A gente sabe que é amor quando... XIV (o último)

Bem, talvez esse seja o post mais diferente de toda essa série. E tem seu motivo de ser. Ele não é cômico, não é ameno. Porque ele é sobre o fim do meu casamento com a pessoa que aqui no blog ganhou o pseudônimo de Maridão.

Enquanto eu pensava em escrever sobre esse post, até questionei se deveria mudar o pseudônimo dele para outro mais "genérico" colocando uma qualidade dele em destaque, um detalhe pelo qual eu (e somente eu) o reconheceria em meio a tantos pseudônimos, mas entendi que não era esse o caminho.
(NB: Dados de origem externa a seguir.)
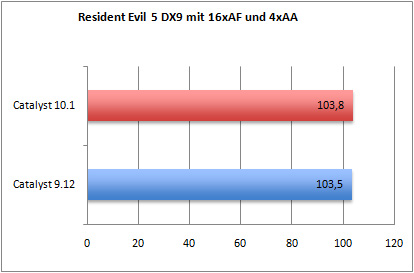 rs5dx9-aa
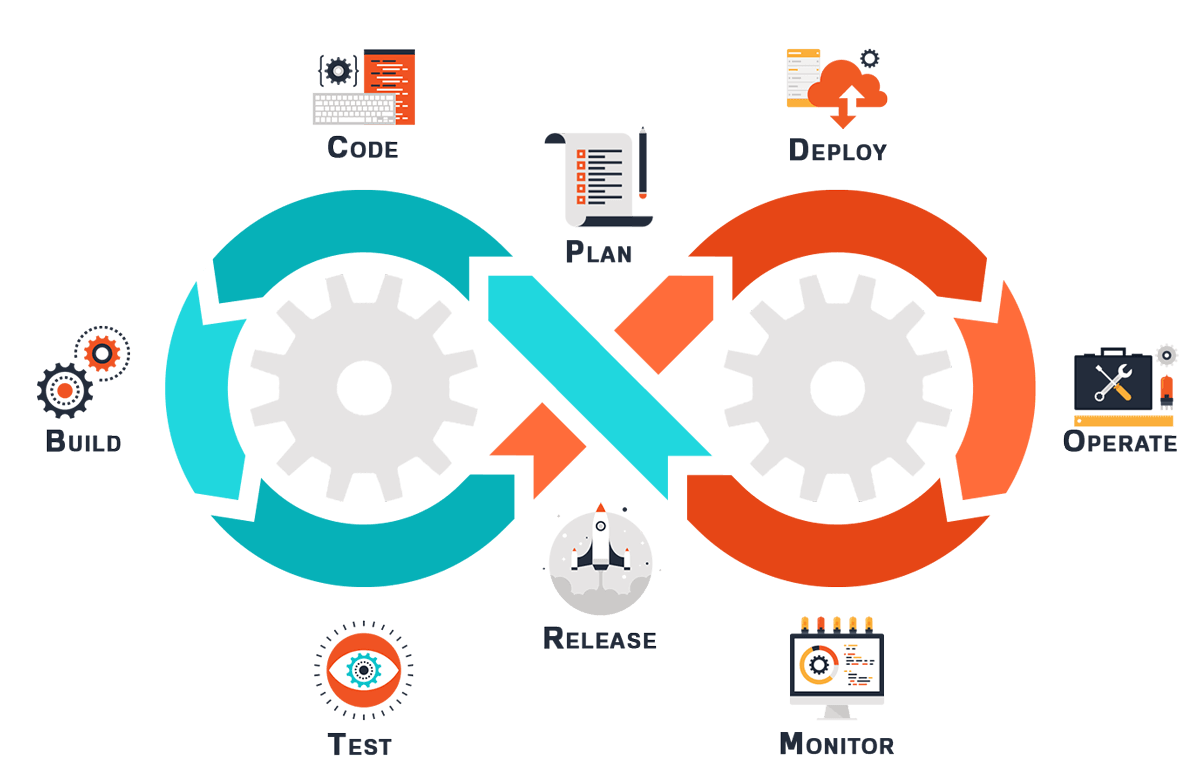 O que é DevOps?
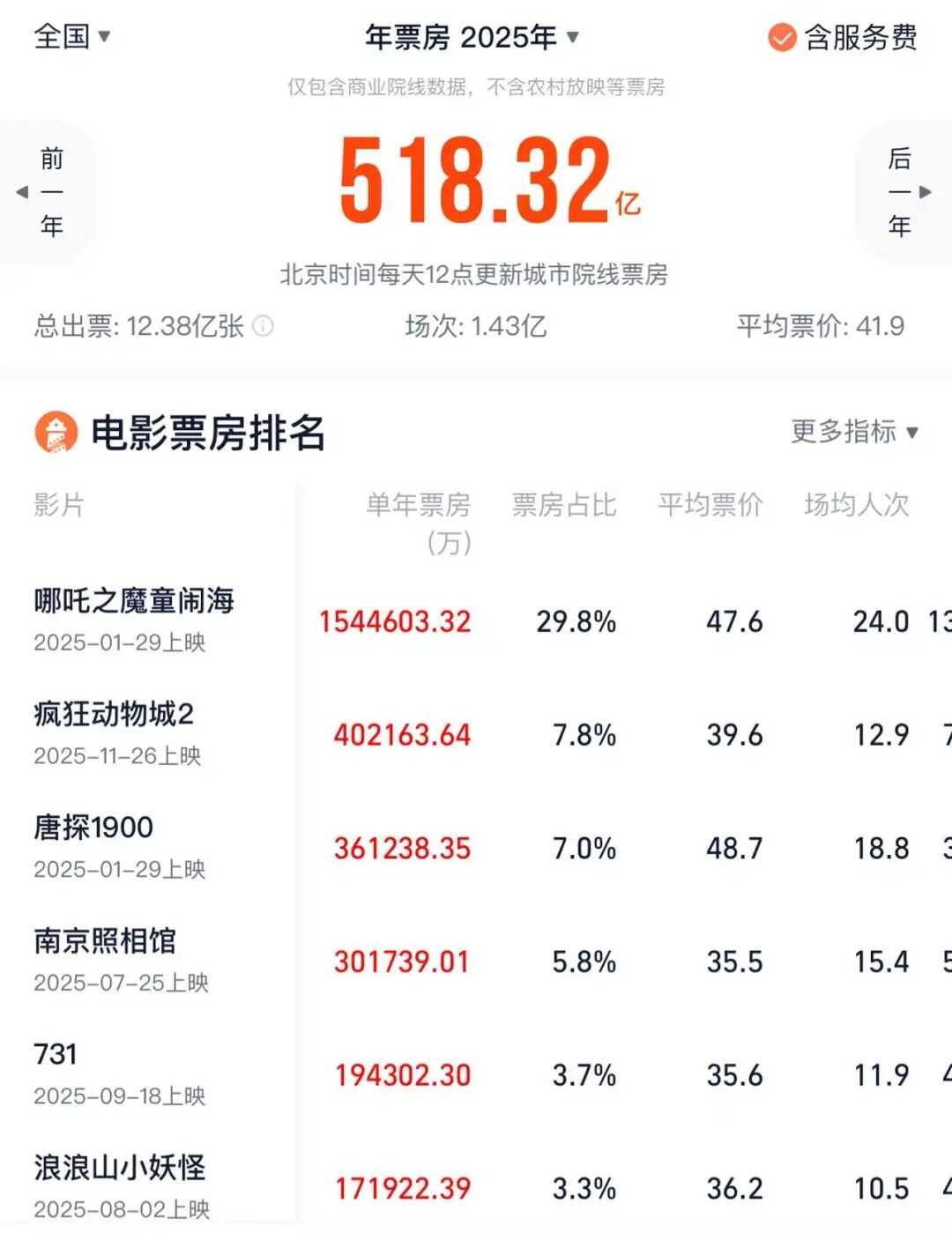 万达电影更名儒意：与电影行业一起，在暴风中寻找求生之路-锋巢网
O que mais cabia a ele seria somente um pseudônimo e nenhum outro: Ex-Maridão. Por que? Porque realmente é o que ele representa na minha vida: alguém que foi um grande marido, um ótimo companheiro, um porto seguro, alguém que eu ajudei bastante, uma fonte de irritações e crescimento pessoal, alguém que se inscreveu na minha história, como um co-autor, enquanto a nossa história durou. Foram quase 6 anos.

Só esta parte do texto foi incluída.